New Mount: "First Light" for my Sky-Watcher HEQ5 PRO

17 July 2021

My astrophotography journey began modestly. Using only a camera, a super-zoom lens, and a tripod I took my first pictures of stars from home. Those were simple pictures: A mostly black picture with white dots sprinkled throughout the image. This was by no means a good image but got me thinking about what I needed to change to take better and most of all, more interesting pictures of the sky.

So I began to read and test and read more and test more. This was how I dabbled into landscape astrophotography. As I mostly went out with some deep-sky photographers they were naturally more interested in dark places than interesting landscapes. They weren't taking pictures of the environment after all and it was sufficient to go to the same dark spot over and over again.

Taking starry landscape shots quickly became redundant and so I gave deep-sky photography a go. This must have been around winter as the first DSO I can remember to take an image of was M42, the Orion Nebula. It is pretty easy to find and even without a star tracker, there is a chance to see at least some of the nebulosity.

Fast forward 4 years: For quite some time I feel that I have outgrown my trusty Sky-Watcher Star Adventurer, which is a nifty little tracker for simple and importantly lightweight camera equipment. My current gear of choice weighs around 4 kilos which is just shy of the maximum payload of 5 kilos. Moreover, I messed up my polar alignment regularly when I was trying to find and frame my target. All together lead to my wish for a new mount:

  • A more sturdy mount.
  • A mount with GOTO-capabilities
  • A mount that gives me room to grow and use real telescopes (refractors and reflectors)

As I was satisfied with all Sky-Watcher products I own I didn't feel like switching manufacturers, so my choice was down to one of the following options:

  • An EQM-35
  • A HEQ5 PRO
  • An EQ6R PRO

All in their respective GOTO-Version. The HEQ5 PRO seemed to be a good compromise between portability, affordability, and room for further upgrades. So I saved up my money and finally got myself a new toy.

This weekend was the first use of the mount and the goal was not primarily to get a good image but to get to know the mount, how the setup and tear down works, how it connects with my ASIAIR and how polar alignment and GOTO can be used with the ASIAIR. Nevertheless there is an image of NGC 7000, the North America Nebula, which I can show:

NGC 7000 - North America Nebula

Compared to all the other images of NGC 7000 I took, this one is my favorite until now.

One thing to conclude with: As it is with new equipment, not everything went smooth this time.

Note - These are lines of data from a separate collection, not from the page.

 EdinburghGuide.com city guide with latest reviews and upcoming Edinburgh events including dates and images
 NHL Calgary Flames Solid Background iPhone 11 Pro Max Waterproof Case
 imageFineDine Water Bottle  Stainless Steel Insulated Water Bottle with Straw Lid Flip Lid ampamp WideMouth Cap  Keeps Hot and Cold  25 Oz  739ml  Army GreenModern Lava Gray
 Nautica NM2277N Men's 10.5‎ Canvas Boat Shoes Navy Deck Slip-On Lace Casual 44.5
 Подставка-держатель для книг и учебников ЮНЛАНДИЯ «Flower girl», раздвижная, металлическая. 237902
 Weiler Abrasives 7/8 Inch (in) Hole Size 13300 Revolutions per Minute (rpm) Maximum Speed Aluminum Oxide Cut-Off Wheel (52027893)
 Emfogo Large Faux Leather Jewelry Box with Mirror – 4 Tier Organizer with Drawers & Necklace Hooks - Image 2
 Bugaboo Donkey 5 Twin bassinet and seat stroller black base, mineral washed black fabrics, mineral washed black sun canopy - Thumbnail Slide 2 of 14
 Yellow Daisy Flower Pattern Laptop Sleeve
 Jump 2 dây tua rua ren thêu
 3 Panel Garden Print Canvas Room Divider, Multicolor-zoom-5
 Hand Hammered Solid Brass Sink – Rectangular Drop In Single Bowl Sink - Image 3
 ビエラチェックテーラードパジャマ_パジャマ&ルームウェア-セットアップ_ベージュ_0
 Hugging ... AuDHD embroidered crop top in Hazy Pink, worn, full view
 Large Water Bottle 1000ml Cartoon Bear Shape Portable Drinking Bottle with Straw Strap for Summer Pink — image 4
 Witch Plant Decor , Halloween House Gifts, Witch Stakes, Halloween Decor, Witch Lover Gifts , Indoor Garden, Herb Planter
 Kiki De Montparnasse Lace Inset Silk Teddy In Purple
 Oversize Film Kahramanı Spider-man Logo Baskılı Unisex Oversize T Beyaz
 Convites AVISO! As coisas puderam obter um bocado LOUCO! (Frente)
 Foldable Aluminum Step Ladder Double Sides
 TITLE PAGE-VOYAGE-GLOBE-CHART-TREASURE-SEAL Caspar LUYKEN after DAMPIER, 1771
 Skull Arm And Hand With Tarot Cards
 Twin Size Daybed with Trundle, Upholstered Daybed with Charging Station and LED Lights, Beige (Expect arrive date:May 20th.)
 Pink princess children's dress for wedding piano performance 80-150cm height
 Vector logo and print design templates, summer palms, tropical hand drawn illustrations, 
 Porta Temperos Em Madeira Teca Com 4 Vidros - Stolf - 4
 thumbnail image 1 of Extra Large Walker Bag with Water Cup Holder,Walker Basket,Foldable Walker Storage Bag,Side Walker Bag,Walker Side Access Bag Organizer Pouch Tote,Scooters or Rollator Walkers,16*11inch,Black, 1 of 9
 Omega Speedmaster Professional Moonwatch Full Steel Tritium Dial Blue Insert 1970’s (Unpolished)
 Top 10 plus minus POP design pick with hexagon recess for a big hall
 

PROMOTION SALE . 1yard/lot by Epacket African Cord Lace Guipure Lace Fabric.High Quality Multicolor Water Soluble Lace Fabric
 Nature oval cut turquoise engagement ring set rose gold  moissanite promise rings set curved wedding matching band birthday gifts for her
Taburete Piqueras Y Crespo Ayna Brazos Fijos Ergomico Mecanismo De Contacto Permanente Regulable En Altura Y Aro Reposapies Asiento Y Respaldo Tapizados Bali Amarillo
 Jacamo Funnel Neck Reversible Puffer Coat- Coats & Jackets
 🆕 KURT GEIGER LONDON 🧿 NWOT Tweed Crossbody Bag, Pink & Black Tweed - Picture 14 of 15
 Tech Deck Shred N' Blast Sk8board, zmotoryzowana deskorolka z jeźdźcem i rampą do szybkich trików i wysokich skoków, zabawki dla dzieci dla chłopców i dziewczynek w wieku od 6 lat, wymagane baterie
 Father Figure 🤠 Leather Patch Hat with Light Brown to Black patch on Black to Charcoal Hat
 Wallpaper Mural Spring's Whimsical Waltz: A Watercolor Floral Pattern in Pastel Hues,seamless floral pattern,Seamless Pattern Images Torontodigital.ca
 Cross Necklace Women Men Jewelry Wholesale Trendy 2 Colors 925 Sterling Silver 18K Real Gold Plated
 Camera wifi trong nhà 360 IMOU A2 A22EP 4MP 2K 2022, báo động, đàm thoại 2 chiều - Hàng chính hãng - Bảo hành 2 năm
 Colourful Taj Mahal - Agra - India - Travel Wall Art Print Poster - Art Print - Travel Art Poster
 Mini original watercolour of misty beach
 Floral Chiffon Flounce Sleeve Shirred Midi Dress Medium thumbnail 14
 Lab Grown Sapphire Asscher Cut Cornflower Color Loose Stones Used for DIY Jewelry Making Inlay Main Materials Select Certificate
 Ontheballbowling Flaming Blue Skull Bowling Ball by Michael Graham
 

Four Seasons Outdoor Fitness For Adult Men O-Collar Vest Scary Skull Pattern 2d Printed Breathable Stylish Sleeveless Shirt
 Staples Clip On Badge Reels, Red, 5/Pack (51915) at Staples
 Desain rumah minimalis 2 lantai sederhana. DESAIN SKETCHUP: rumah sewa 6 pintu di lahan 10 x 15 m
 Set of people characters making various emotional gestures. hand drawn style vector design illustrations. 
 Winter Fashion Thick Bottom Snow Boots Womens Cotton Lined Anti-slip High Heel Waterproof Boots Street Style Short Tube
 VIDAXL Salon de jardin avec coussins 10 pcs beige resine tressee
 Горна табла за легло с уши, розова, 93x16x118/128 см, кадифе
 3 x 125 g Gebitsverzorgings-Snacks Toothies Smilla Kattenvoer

In the beginning, I had major problems getting the mount to slew to the position I wanted to. However this was by no means the fault of the mount, it was a problem in the interaction between my Nikon D5300 and the ASIAIR. Although the camera took pictures, or at least it seemed like it, the ASIAIR did always receive or process the same image of the region around the north celestial pole. That this will not work is no surprise at all and a problem I have to look after some other time. After replacing the D5300 with the D7500 the rest of the night was a piece of cake.